Upon comparing dPCR data between near-seafloor sediment samples and sediment samples from deeper parts, we identified several sites where the relative abundances of archaeal 16S rRNA genes were higher in deeper horizons than in near-seafloor sediment samples (for example, sites 1226, 1301, 1320, 1322, 1324, M0060, and U1428). This trend was previously observed in IPL-based analyses [9] and other studies of shallow sediments; however, we observed decreasing trends for other sites (Supplementary Fig. S2). Several factors are conceivable for these trends in archaeal fractions: (1) archaeal cells may be more eco-physiologically resistant and/or adaptable to low-energy flux habitats than most bacterial cells [16, 29, 30]; (2) biological and geophysical migration of surface sedimentary conditions may stimulate bacterial growth than archaeal growth [31]; (3) some of Archaea may specifically utilize deeply buried recalcitrant substrates, such as mineralized detrital proteins and/or humic derivatives [32, 33], and therefore, some archaeal fractions may be retained as essential ecosystem functions (for example, methanogenesis and acetogenesis) against the selective environmental pressure of geophysical and energetic constrains during burial [4, 30, 34]; and/or (4) geophysical, sedimentological, and hydrogeological characteristics and formation stability may constrain the supply of water, nutrients, and energy substrates, and subsequently, have an impact on the fraction of archaeal community in subseafloor sedimentary microbial ecosystems [7, 8, 12, 35].

Interestingly, our data also reveal that the relative abundance of archaeal 16S rRNA genes generally decreases with water depth at the drilling site (Fig. 2c, Supplementary Fig. S2). Here we categorized the water depths of study sites into three groups: epi-mesopelagic (0−1000 m); bathy-pelagic (1000−4000 m); and abyss-pelagic depths (>4000 m). Consequently, the relative abundance of archaeal 16S rRNA gene in epi-mesopelagic water depths was found to be the highest at 24.7% among the three depth categories. The relative abundance of archaeal 16S rRNA genes was significantly low (p < 0.05, t-test) in the deeper bathy- (17.8%) and abyss-pelagic (8.2%) water depths (Fig. 2c, Supplementary Fig. S2). These results suggest that water depth is one of the key environmental factors constraining the relative abundance of Archaea in the total microbial community. One of the possible explanations for why the water depth constrains archaeal population in the subseafloor biosphere may be the quality and quantity of consumable organic matter deposited from the photosynthetic zone in the water column down to the seafloor [36]. Alternatively, the differences in organic matter may cause different consumption rate of oxygen, and therefore  different oxygen concentrations. In addition, any other factor correlated with water depth could also affect archaeal population in the sedimentary habitat. To answer this question, further integrated investigations for evaluating the interaction between organic matter and archaeal metabolic characteristics in the subseafloor sedimentary biosphere are needed [15].

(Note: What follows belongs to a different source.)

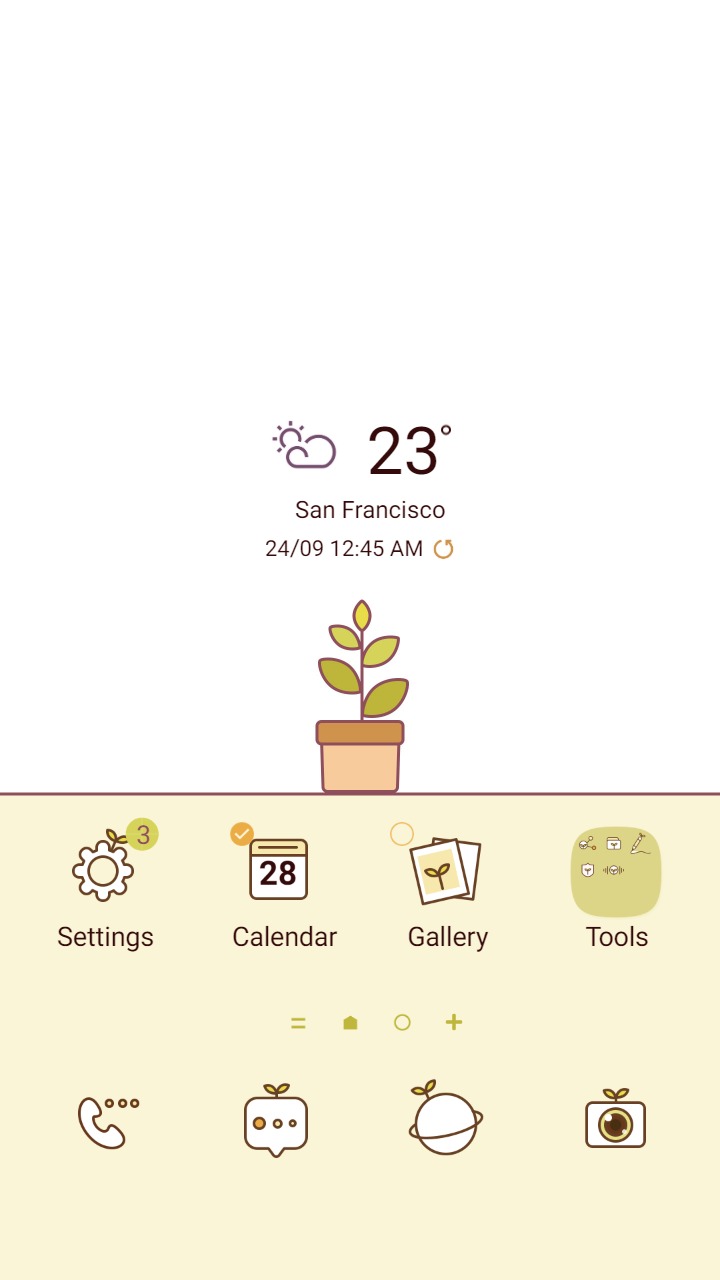 ❤️Mun❤️ Tiny Seedling Free ~❤️ Premium Theme simple little seedling free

In conclusion, this study provides the best estimates to date of the global distribution and abundance of Archaea in the marginal ocean (anaerobic) and open-ocean (aerobic) sedimentary habitats. Our findings in this global dPCR survey confirm that archaeal biomass significantly contributes to the subseafloor sedimentary biosphere (37.3% of the total microbial cells). Nevertheless, metabolic, physiological, and evolutionary functions of subseafloor sedimentary microbes remain largely unknown. These are the foci of our ongoing research using the global subseafloor sediment core samples.